Boxed beef values Tuesday morning for the heavier Choice types are back up to $144, and that is testimony to the strength on the demand side for beef. Some cattle are starting to cross the border again from Canada, and those flows will increase across the next few weeks as permits are issued, and that will be a constraining factor on the cattle market and on hogs. The cash hog market has rallied in the futures complex based on some strength in cattle. The charts in the lean hog market looks better than one might have expected. In the presence of all the uncertainty in this market, I am rather impressed with the October contract which traded as high as $55.275 in Tuesday's session. That is a bit above the high from August 8 at $54.65 where I thought we would see some resistance. I also see this as a relatively complete 50 percent correction of the last down move from the high on July 7 at $59.40 down to the lows at $50.75 that occurred at the end of July. The highs we are seeing across the past few days are almost exactly a 50 percent correction of that last major move down, and I would be very interested in replacing short hedges in this hog complex in the October and possibly in later contracts at the same time. We are almost sure to see some seasonal pressure on the cattle market, and that may be complicated by more numbers coming across the Canadian border. We will certainly see an increase in daily slaughter levels in hogs as we move through September through October and November.
In the grain and oilseed markets, the most significant development I see across the past few weeks as the weather has continued to be an issue is the huge key reversal top that we saw on the November soybean contract on August 26. The contract recorded an outside day, a new contract high at $5.97, and then closed virtually on the low near $5.76. Weather had pushed the market higher coming into the long weekend, but then the rains over the weekend have prompted a substantial decline in prices in Tuesday's session. The close was strong in the November soybeans last Friday at $5.89, and the market has traded as low as $5.69 in Tuesday's session and closed down significantly on the day. Damage was not quite as big in December corn, but in both of these charts I am seeing reasons to be a seller for short hedges and a profit taker on long hedges because I believe the weather drive in this market is probably over after the long weekend rains that were fairly widespread. So, I would look to be short in the soybean market as a producer and look to take hedges on long profits on soybeans, soybean meal, and corn. This December corn contract now looks like it should be sold on any rally back up toward the recent highs in the low $2.40s. If you don't do anything, by all means hook a trend line to the low that occurred before the report day back on August 11 and the low from last week on August 27, and be prepared to do something if we see a close below that trend line. There may be some more upside in this corn market. The world stocks are not hugely bearish, but I would suspect that we are going to see sideways to lower pricing now as we move through September and start into the early harvest period.

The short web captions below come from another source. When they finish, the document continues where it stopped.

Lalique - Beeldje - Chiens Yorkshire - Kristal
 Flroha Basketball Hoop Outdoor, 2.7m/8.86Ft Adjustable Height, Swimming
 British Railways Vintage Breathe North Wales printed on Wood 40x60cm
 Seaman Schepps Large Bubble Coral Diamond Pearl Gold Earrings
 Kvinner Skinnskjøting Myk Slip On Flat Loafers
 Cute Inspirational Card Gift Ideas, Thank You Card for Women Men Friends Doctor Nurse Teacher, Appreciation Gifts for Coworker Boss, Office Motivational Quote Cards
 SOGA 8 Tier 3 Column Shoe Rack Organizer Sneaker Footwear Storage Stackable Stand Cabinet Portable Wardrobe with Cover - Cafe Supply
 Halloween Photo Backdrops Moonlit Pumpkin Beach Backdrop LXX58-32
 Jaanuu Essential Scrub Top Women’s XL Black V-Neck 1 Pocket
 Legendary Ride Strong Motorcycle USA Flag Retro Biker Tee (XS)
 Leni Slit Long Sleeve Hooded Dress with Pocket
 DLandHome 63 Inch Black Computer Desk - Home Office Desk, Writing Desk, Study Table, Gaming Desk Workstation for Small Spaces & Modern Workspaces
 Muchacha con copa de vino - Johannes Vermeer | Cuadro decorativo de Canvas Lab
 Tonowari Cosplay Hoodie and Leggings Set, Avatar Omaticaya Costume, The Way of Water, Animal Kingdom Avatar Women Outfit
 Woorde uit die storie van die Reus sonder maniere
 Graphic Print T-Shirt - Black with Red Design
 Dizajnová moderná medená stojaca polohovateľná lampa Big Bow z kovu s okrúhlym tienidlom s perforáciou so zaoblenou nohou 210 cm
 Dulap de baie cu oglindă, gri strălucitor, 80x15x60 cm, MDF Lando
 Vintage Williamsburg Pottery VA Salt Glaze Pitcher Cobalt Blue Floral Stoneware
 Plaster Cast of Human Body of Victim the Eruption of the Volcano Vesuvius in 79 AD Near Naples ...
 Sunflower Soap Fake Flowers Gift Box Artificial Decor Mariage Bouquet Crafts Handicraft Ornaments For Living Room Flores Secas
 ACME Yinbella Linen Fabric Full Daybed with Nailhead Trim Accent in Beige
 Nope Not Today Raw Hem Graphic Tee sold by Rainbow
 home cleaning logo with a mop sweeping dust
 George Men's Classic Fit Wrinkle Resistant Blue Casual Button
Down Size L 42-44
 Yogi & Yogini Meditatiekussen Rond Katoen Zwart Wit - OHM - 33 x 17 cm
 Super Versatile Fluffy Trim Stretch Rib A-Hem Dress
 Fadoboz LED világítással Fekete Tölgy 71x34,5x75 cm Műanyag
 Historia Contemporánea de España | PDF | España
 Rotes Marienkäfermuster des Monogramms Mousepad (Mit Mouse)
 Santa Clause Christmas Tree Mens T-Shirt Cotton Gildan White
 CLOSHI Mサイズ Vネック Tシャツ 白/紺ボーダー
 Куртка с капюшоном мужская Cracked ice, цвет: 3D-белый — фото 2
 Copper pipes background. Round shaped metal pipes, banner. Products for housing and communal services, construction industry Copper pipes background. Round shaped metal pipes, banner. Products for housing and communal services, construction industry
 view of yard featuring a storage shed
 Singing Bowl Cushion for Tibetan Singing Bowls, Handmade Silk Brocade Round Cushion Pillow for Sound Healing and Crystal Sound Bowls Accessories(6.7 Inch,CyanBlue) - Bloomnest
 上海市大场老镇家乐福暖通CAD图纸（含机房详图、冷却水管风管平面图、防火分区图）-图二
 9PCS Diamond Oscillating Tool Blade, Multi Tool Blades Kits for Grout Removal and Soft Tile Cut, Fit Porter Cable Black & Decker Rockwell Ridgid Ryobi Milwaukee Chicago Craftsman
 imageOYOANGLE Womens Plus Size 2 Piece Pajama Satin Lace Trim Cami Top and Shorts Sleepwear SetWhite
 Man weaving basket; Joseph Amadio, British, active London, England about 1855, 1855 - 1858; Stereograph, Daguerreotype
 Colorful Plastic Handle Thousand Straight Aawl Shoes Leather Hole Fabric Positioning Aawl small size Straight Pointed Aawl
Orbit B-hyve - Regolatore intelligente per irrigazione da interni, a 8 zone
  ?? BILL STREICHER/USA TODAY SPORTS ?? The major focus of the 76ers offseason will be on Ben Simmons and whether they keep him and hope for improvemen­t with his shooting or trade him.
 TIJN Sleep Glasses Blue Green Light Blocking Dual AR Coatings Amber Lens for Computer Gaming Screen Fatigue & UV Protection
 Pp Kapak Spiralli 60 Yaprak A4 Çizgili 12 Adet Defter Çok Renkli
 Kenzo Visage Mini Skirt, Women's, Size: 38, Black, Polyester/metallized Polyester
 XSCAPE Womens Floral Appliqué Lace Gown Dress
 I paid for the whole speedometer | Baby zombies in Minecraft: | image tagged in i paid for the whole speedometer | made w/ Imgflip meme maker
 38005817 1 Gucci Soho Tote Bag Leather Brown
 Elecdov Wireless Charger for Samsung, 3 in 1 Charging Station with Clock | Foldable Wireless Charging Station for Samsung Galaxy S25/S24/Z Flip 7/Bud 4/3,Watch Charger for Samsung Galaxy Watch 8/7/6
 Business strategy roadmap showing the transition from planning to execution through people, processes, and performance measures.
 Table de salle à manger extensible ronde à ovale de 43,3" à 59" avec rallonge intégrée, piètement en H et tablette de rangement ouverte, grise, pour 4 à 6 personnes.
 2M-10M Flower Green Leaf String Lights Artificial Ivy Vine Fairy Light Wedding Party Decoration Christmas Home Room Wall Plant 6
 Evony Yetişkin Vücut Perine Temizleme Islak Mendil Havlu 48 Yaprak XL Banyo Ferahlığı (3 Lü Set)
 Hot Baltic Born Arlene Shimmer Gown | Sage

In the wheat market, I see topping action on August 18 on both the nearby and the new-crop 2004 wheat charts. We have had opportunities in the Chicago market to sell old-crop wheat on nice rallies if you don't have it hedged in a storage program. I have suggested that, above $3.40, get up to 25 percent forward priced in Chicago on the soft red winder wheat, July 2004 contract. The topping action in Kansas City was even clearer, and we had a one-day island reversal top on the December contract. The market has backed off from above $4.00 back down into the $3.70 area since that point in time. The July Kansas City contract, which made a new contract high on that same day on August 18 reaching the $3.55 level, is now trading around $3.40. I want to get to 25 percent forward priced in this market on hard red winter wheat if you get a chance above $3.50 on the July 2004. I would change that recommendation this week to suggest that you get 25 percent forward priced if this market can trade back up to the $3.48 level again, right at the bottom of a chart gap that was left on August 19.